I didn’t know if Annaleise was still there. I hadn’t looked again. Maybe she was just outside the entrance. Maybe she’d run behind the building, watching through the stable slats that I could see now, with her doelike eyes. Yes, she had confirmed our alibi, but I was wondering if she had also witnessed what came next.
Tyler had pulled me up, checked me again, asking over and over if I was okay. “Wait here,” he’d said. He stood over my brother, put a hand down, and leaned toward him, said something in his ear. Daniel looked straight at me, straight into me, so I had to look away. “Nic,” he pleaded from across the way, but by then Corinne was already there.
“Bailey, go find some ice,” Corinne had called as she approached, and I could feel her presence taking over, taking control.
I’d walked away. I’d left, taking Tyler with me, and we found the first-aid shed where a man sat in a folding chair, a lump of tobacco in the side of his mouth.
“You kids okay?” he asked, not standing.
“Do you have ice?” Tyler asked.
The man opened a blue cooler at his feet, used a plastic cup to scoop some ice into a Ziploc bag for me.
Tyler checked me over again, asked me if I was okay again, his hands running everywhere.
“Tyler,” I said. “Your hand.” Two knuckles were scraped, as if they’d hit the wrong angle on one of Daniel’s sharp edges, and his fingers were discolored. I asked the attendant for Band-Aids.
He eyed Tyler’s hand. “Might be broke,” he said.
“It’s fine,” Tyler said, pulling me away. “Come on.”
But I could see the man was right; it was swelling and red, and Tyler kept it hanging limply by his side.
“Tyler—”
“I’ll take a bag of ice, too,” he mumbled.

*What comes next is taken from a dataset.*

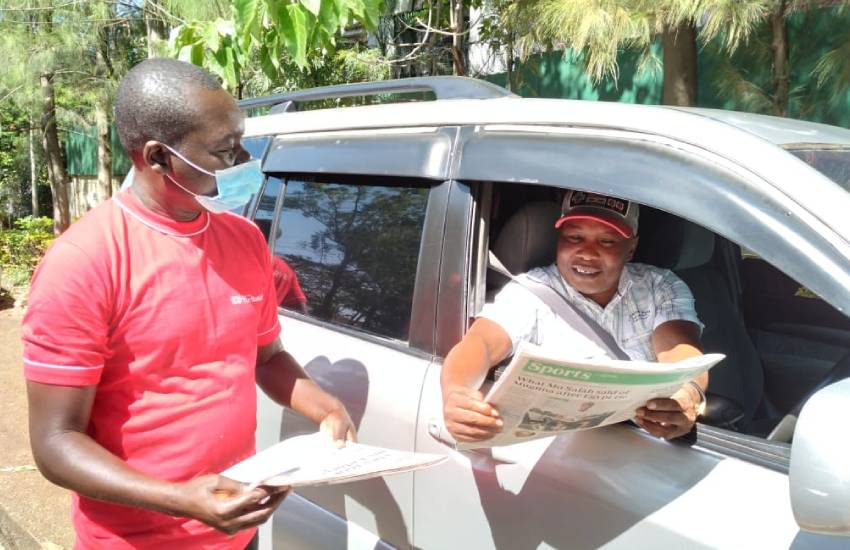 Kisumu resident receives a copy of The Standard.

“At least go wash it off,” I said.
He nodded. “Okay. You won’t move?”
“I’ll be right here,” I said. But the second he was out of sight, all I could picture was Daniel sitting in the dirt, his bloody nose, and the way he said my name. The way he looked at me. I had to talk to him. We had to talk. About this. Right now. Even back then, I could sense how pivotal this moment was. How our entire futures somehow hung in the balance of this conversation.
I’d gone out to the dirt circle to find Daniel, but nobody was there. I thought maybe they’d all been escorted out, or someone had called security on us. I walked past the stables and didn’t see him anywhere in the parking lot, either.

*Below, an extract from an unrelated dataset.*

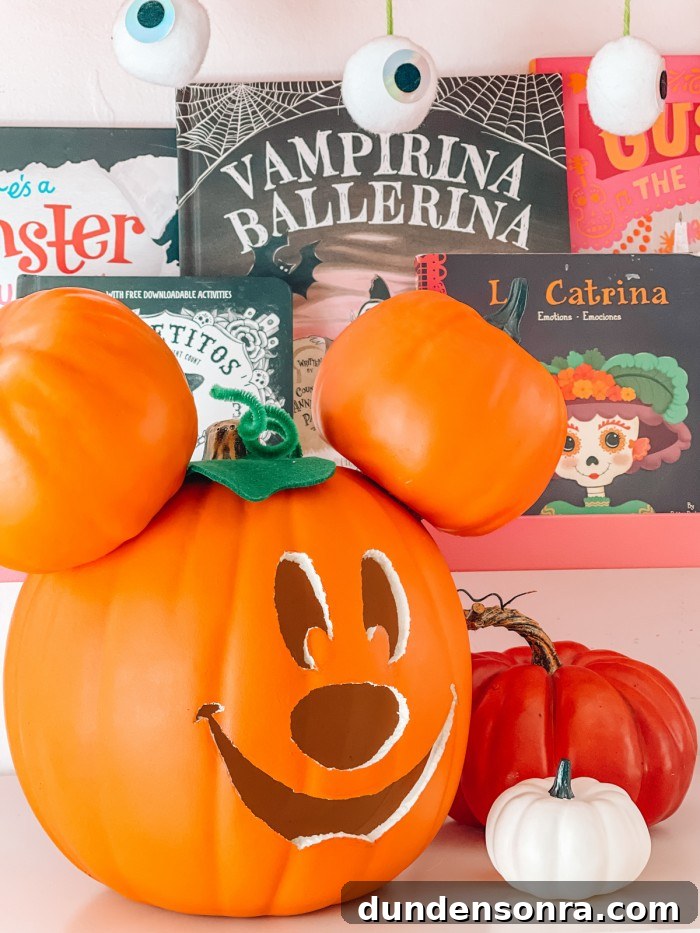 Mickey Mouse Pumpkin Carving and Decorating Guide 3 Mickey pumpkin in front of Halloween books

I turned to go back in, back to Tyler, when I heard Corinne’s soft words somewhere out of sight. I passed the stables to my right—her voice, her laughter, drawing me in.
I saw Corinne first. Behind the building just outside the fair, holding a wet paper towel to my brother’s face. Her head on his shoulder. Her other hand under his shirt, at his waistband, trailing over his skin. I watched her gently press her lips to his jaw and whisper something in his ear. And from her posture, from the way my brother was relaxed against the wall, I knew this wasn’t the first time. I knew he saw me because he moved his hands quickly and ineffectively, pushing her off, before I spun away. And I heard her words cut into him in displeasure as he pushed her back. But it was too late.
He lied, and he knows I know it. He knows I lied for him, too. Never, I said. Never.
I wondered if Annaleise saw that. If she was in the trees somewhere. Or crouched between the cars in the parking lot. She was too young to get home on her own. She would have needed an adult. She must’ve been nearby.